Crossing his arms despite the look of petulance it afforded him, Draco leaned in and crowded the already full table with his broadened shoulders.

"Your date," he punctuated this with a brief, dubious widening of his eyes, "had abandoned you. Of course I was going to call off Crabbe and Goyle." He took a bite of rasher and sipped his coffee, an air of intensity enveloping his precisely controlled frame. "Speaking of" Draco continued with forced nonchalance, "I'd like to talk about that date of yours."

Granger pulled back to recline in her chair, presumably to put space between the two of them. The damnable witch ignored his statement as she was intent to wring Draco dry of every last, dirty detail from that day.

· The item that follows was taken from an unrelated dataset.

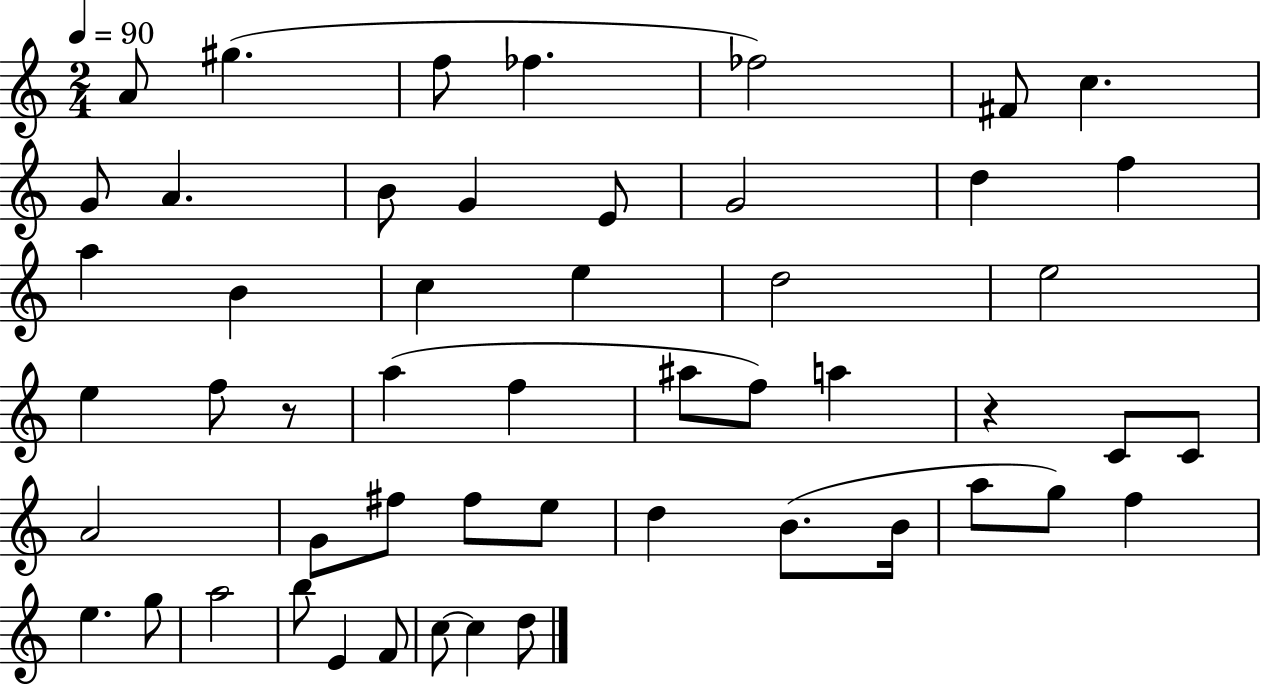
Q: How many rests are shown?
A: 2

"Viktor didn't abandon me, Malfoy. He had stepped away for drinks as a gentleman would do."

Granger stared while Draco stewed over the fact that she deliberately used Krum's first name.

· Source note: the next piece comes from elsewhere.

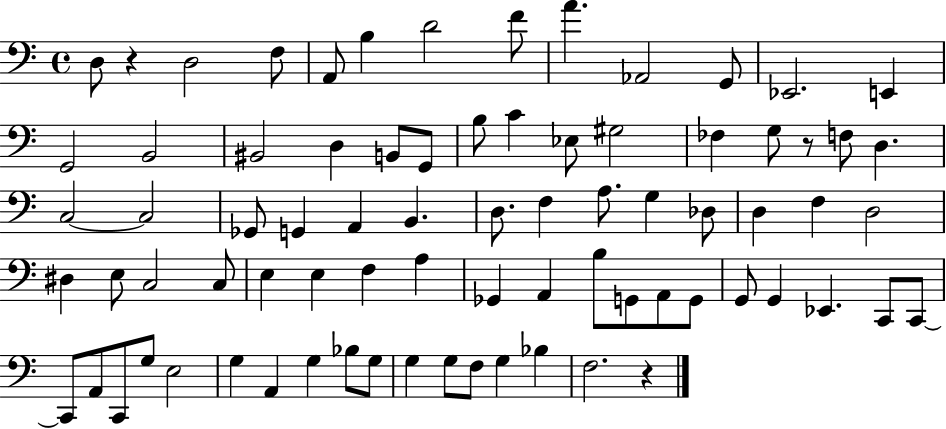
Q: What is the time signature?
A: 4/4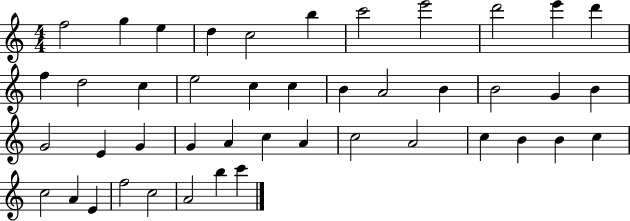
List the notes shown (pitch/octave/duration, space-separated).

F5/h G5/q E5/q D5/q C5/h B5/q C6/h E6/h D6/h E6/q D6/q F5/q D5/h C5/q E5/h C5/q C5/q B4/q A4/h B4/q B4/h G4/q B4/q G4/h E4/q G4/q G4/q A4/q C5/q A4/q C5/h A4/h C5/q B4/q B4/q C5/q C5/h A4/q E4/q F5/h C5/h A4/h B5/q C6/q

"Besides" she continued, unaware of his inner angst, "it was the way you called them off. You complimented me."

"I actually insulted them." He seized the unconscious tapping that had started in his left leg, impatient for Granger to be satisfied and drop the subject.

 _Weasley would sooner cease eating._

Granger inhaled for round two. "Well aren't you a wizard of words. To think the glib Draco Malfoy could simultaneously insult and compliment." She rolled her eyes before returning to a more serious mood.

Granger's position shifted as if she were approaching an erumpent and the idea that she anticipated an explosion immediately raised Malfoy's hackles.

"Just spit it out, Granger, so this bloody round can be over. I have my own questions" he bit out.

Granger spoke softly, "I don't think it was coincidence that I caught you looking at the entry about Yule Ball."

The slightest tick indented his cheek. He mimicked her tone, "What do you think it was, then?"

Discreetly, she dropped her eyes to an unknown point on the table. "I think you saw your name in your long-time rival's journal and couldn't help but be intrigued."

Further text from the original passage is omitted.